%%

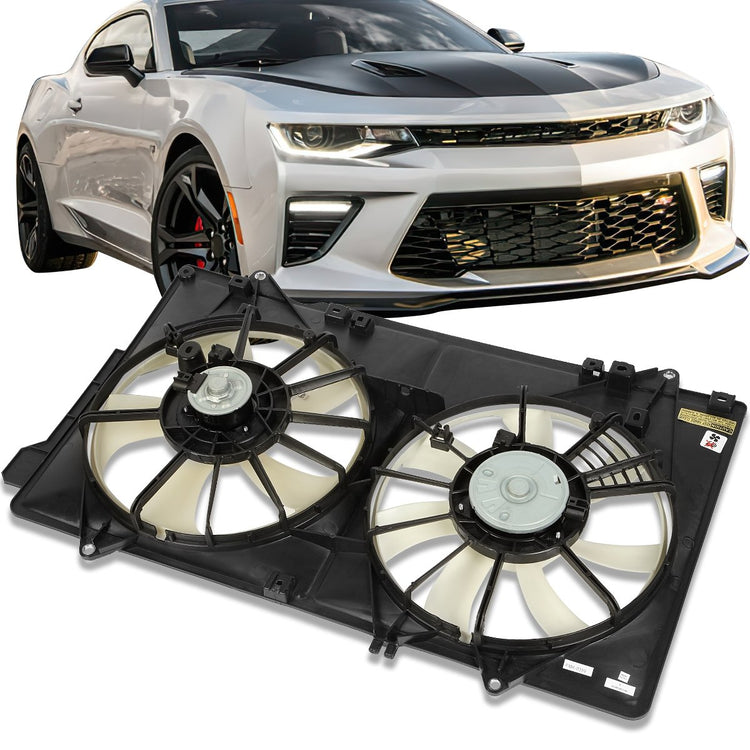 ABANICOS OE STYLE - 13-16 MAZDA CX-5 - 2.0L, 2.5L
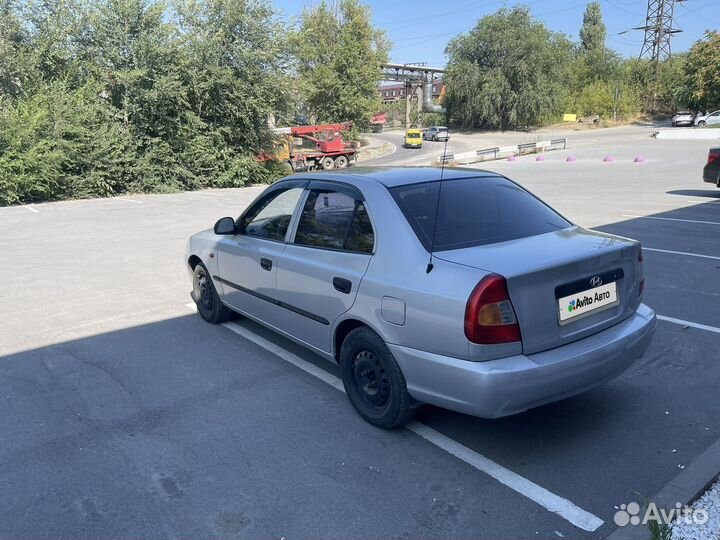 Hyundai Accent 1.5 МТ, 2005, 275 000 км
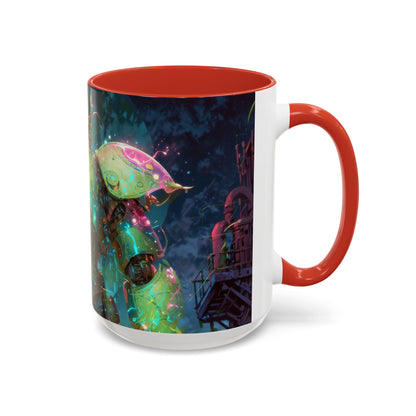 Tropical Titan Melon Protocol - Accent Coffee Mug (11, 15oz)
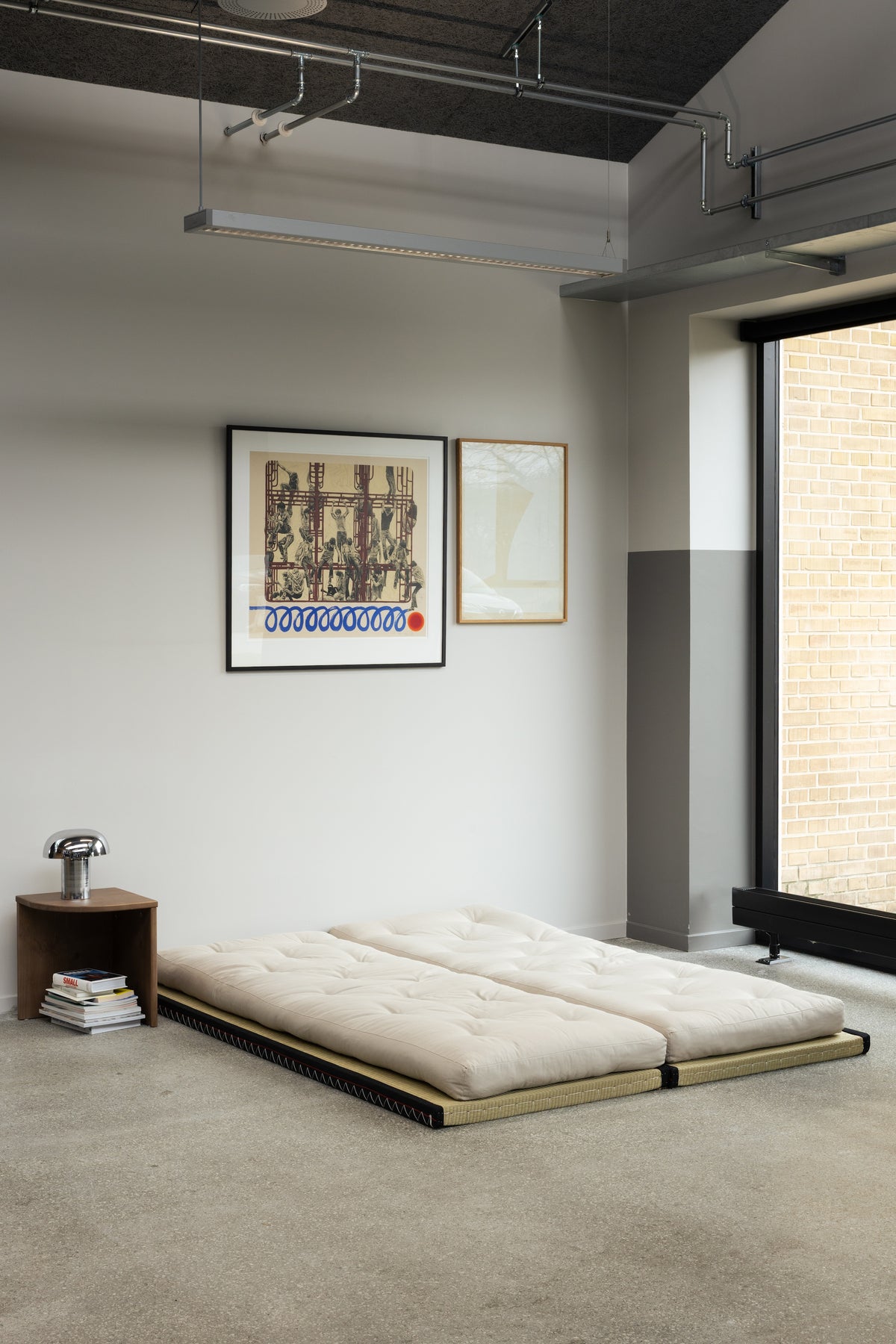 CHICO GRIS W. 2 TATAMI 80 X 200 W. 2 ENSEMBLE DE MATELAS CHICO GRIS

%%
%%

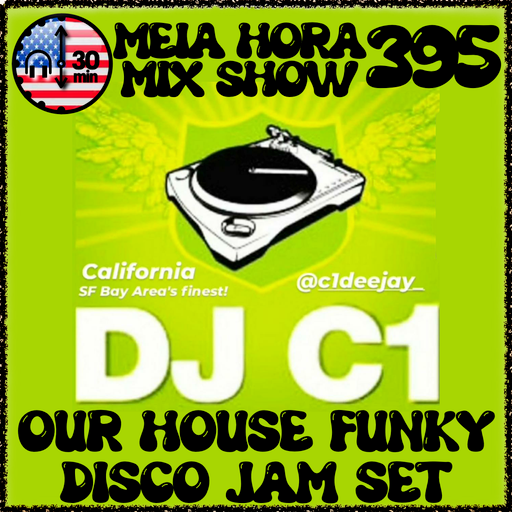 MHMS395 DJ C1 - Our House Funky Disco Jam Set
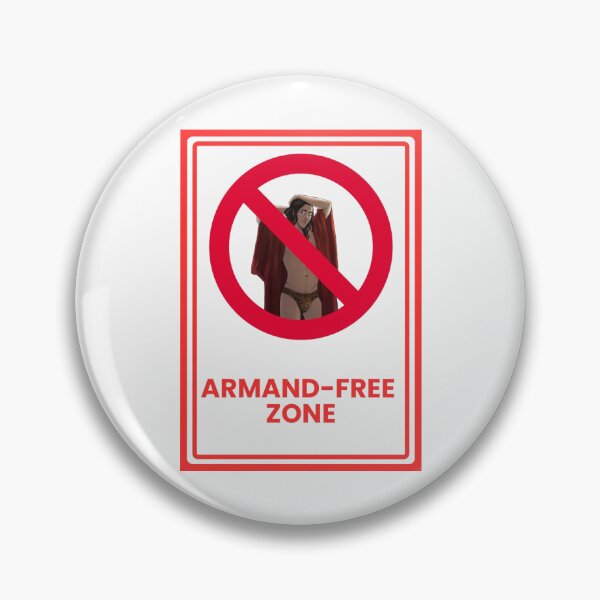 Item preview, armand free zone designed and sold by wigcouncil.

%%

• [EXERCISE] Taking the material above, give again exactly the lines from the one holding "Hyundai Accent 1.5 МТ, 2005, 275 000 км" through the one holding "CHICO GRIS W.", with both ends and without pictures.

• [OUTPUT FOR THIS TASK]
 Hyundai Accent 1.5 МТ, 2005, 275 000 км
 Tropical Titan Melon Protocol - Accent Coffee Mug (11, 15oz)
 CHICO GRIS W. 2 TATAMI 80 X 200 W. 2 ENSEMBLE DE MATELAS CHICO GRIS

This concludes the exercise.